Documentation/md-cluster.txt - kernel/bruno - Git at Google

 The cluster MD is a shared-device RAID for a cluster.


 1. On-disk format

 Separate write-intent-bitmap are used for each cluster node.
 The bitmaps record all writes that may have been started on that node,
 and may not yet have finished. The on-disk layout is:

 0                    4k                     8k                    12k
 -------------------------------------------------------------------
 | idle                | md super            | bm super [0] + bits |
 | bm bits[0, contd]   | bm super[1] + bits  | bm bits[1, contd]   |
 | bm super[2] + bits  | bm bits [2, contd]  | bm super[3] + bits  |
 | bm bits [3, contd]  |                     |                     |

 During "normal" functioning we assume the filesystem ensures that only one
 node writes to any given block at a time, so a write
 request will
  - set the appropriate bit (if not already set)
  - commit the write to all mirrors
  - schedule the bit to be cleared after a timeout.

 Reads are just handled normally.  It is up to the filesystem to
 ensure one node doesn't read from a location where another node (or the same
 node) is writing.


 2. DLM Locks for management

 There are two locks for managing the device:

 2.1 Bitmap lock resource (bm_lockres)

  The bm_lockres protects individual node bitmaps. They are named in the
  form bitmap001 for node 1, bitmap002 for node and so on. When a node
  joins the cluster, it acquires the lock in PW mode and it stays so
  during the lifetime the node is part of the cluster. The lock resource
  number is based on the slot number returned by the DLM subsystem.
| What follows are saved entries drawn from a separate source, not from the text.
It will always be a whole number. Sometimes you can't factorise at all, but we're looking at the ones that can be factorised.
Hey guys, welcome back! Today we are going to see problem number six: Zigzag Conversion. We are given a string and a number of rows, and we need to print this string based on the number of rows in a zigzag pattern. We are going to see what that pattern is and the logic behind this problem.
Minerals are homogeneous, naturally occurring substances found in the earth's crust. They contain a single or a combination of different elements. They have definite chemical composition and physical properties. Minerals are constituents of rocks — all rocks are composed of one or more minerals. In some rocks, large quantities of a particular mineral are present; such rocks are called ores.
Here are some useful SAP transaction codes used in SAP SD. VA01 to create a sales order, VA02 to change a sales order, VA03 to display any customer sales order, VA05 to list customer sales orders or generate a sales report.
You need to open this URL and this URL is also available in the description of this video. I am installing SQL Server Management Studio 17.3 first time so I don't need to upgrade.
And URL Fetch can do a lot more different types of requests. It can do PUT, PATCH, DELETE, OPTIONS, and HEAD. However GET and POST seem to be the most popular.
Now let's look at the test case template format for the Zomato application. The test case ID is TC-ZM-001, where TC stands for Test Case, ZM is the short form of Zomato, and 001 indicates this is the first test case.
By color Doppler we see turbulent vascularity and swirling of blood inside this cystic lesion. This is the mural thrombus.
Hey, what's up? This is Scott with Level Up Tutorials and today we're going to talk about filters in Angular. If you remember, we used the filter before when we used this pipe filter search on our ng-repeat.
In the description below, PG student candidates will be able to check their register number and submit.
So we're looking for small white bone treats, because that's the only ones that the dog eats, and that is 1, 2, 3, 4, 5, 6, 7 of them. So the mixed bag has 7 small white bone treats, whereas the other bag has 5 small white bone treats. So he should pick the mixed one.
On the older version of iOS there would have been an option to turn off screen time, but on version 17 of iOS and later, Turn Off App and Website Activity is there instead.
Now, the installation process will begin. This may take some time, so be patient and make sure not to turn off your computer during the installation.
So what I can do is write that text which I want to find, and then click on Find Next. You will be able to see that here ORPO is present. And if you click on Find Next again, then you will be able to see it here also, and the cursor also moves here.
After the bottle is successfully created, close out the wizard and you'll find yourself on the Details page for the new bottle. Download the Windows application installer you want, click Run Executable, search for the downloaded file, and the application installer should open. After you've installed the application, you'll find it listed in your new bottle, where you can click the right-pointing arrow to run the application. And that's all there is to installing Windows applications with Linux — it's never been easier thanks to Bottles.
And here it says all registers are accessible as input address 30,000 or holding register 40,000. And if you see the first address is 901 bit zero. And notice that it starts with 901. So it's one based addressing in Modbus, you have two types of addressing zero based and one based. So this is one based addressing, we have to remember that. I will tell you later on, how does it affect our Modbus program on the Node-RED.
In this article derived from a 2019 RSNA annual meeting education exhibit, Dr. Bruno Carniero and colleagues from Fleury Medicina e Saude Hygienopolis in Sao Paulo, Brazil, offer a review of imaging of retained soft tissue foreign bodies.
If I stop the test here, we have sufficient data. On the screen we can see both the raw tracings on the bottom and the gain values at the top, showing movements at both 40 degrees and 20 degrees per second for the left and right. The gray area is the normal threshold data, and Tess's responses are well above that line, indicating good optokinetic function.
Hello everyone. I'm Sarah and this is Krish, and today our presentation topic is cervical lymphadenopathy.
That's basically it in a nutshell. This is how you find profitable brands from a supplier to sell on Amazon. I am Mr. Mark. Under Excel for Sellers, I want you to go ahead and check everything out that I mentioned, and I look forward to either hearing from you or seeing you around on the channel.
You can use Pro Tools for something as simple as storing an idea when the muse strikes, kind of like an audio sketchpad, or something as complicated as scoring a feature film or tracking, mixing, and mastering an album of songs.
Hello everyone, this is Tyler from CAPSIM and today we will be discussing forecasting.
Since
  DLM starts node count from one and bitmap slots start from zero, one is
  subtracted from the DLM slot number to arrive at the bitmap slot number.

 3. Communication

 Each node has to communicate with other nodes when starting or ending
 resync, and metadata superblock updates.

 3.1 Message Types

  There are 3 types, of messages which are passed

  3.1.1 METADATA_UPDATED: informs other nodes that the metadata has been
    updated, and the node must re-read the md superblock. This is performed
    synchronously.

  3.1.2 RESYNC: informs other nodes that a resync is initiated or ended
    so that each node may suspend or resume the region.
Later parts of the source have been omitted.